(Scraped caption text data)
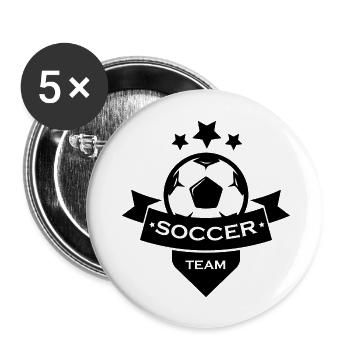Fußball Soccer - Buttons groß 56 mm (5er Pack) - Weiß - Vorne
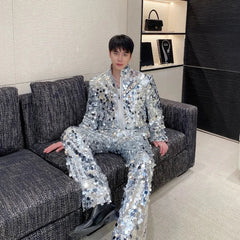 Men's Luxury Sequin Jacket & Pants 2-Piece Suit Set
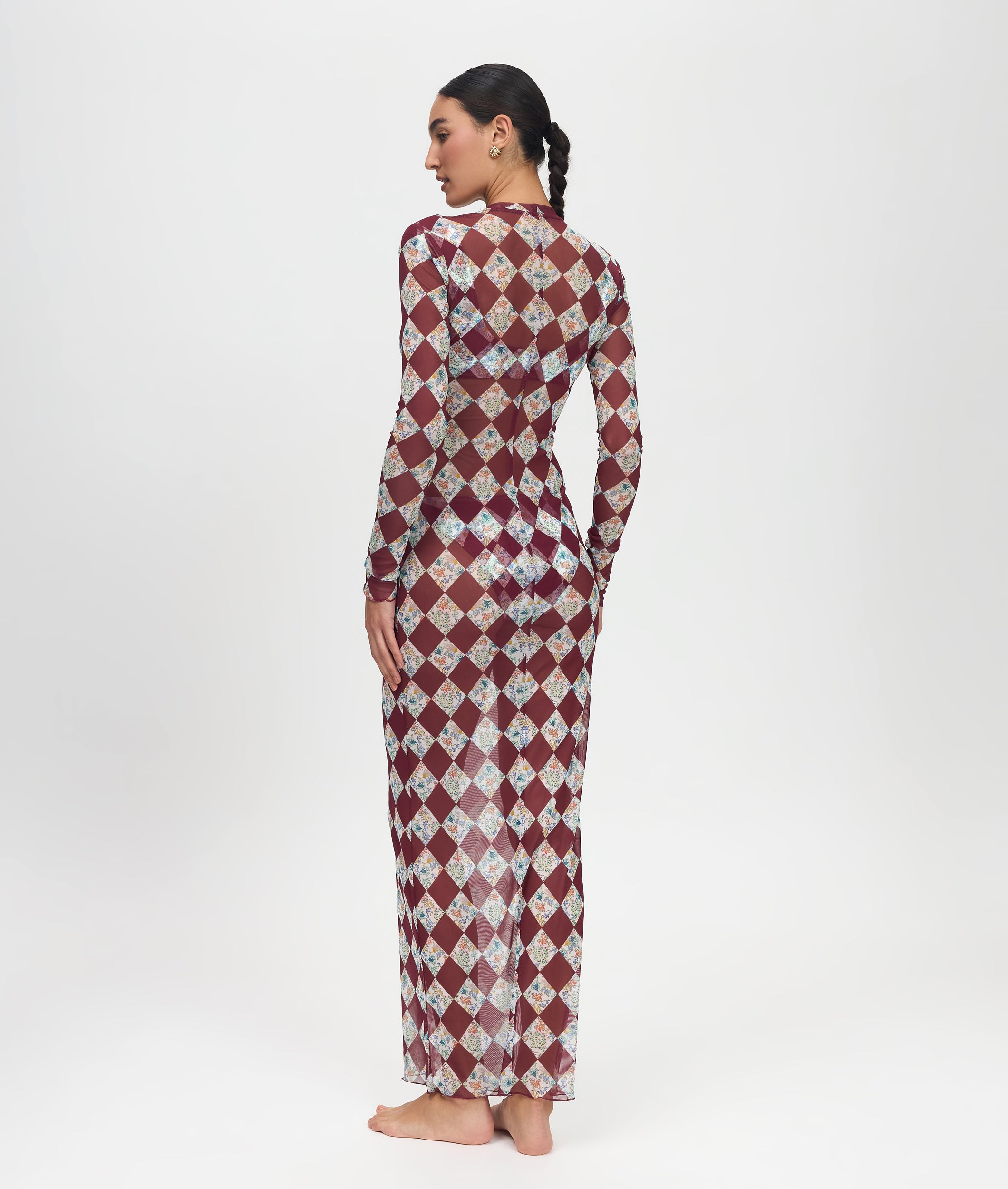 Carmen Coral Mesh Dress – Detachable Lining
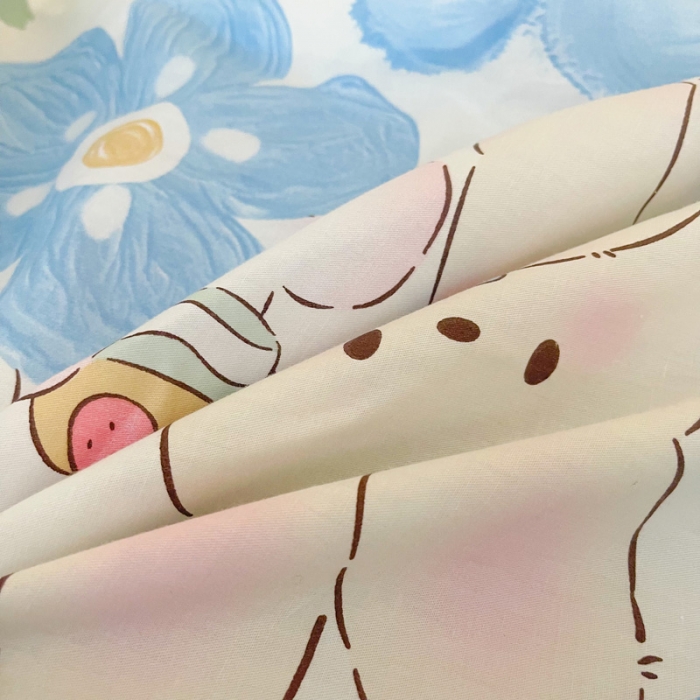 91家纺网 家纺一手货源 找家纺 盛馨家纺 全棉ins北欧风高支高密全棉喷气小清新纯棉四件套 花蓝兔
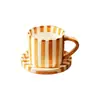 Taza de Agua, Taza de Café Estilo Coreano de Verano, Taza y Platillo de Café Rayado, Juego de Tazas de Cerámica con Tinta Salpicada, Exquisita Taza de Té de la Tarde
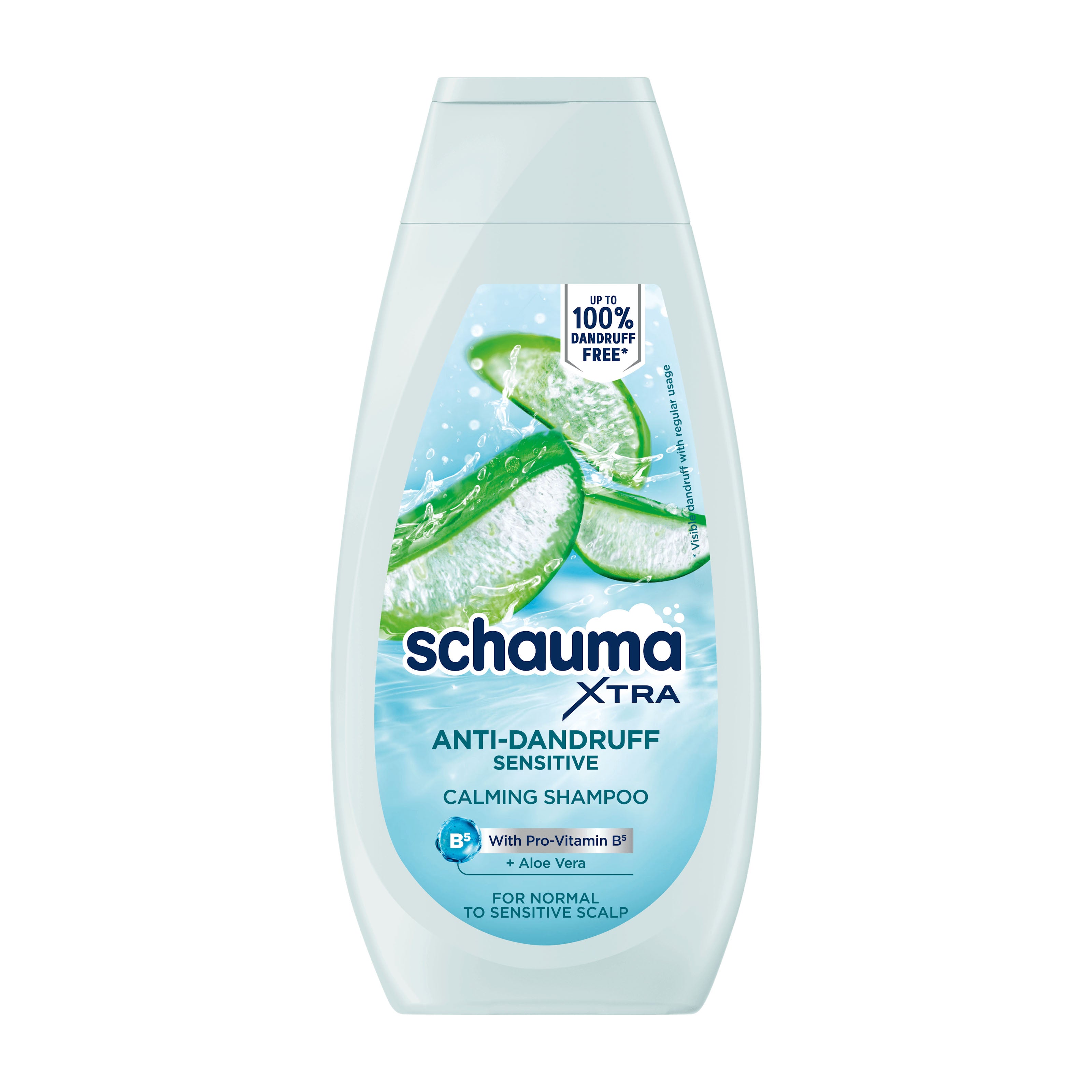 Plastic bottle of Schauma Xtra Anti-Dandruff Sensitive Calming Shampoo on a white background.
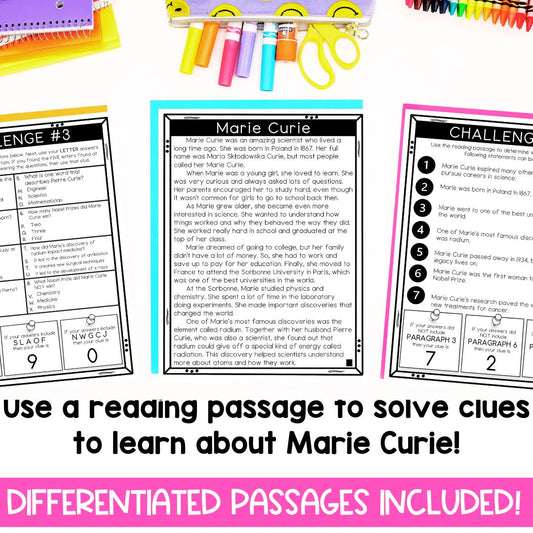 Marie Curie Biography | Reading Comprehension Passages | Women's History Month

» **Exercise description**: Reproduce exactly, without any picture, the lines from the one bearing "Taza de Agua, Taza" to the last line of the records above.

» **Solution to this problem**:
 Taza de Agua, Taza de Café Estilo Coreano de Verano, Taza y Platillo de Café Rayado, Juego de Tazas de Cerámica con Tinta Salpicada, Exquisita Taza de Té de la Tarde
 Plastic bottle of Schauma Xtra Anti-Dandruff Sensitive Calming Shampoo on a white background.
 Marie Curie Biography | Reading Comprehension Passages | Women's History Month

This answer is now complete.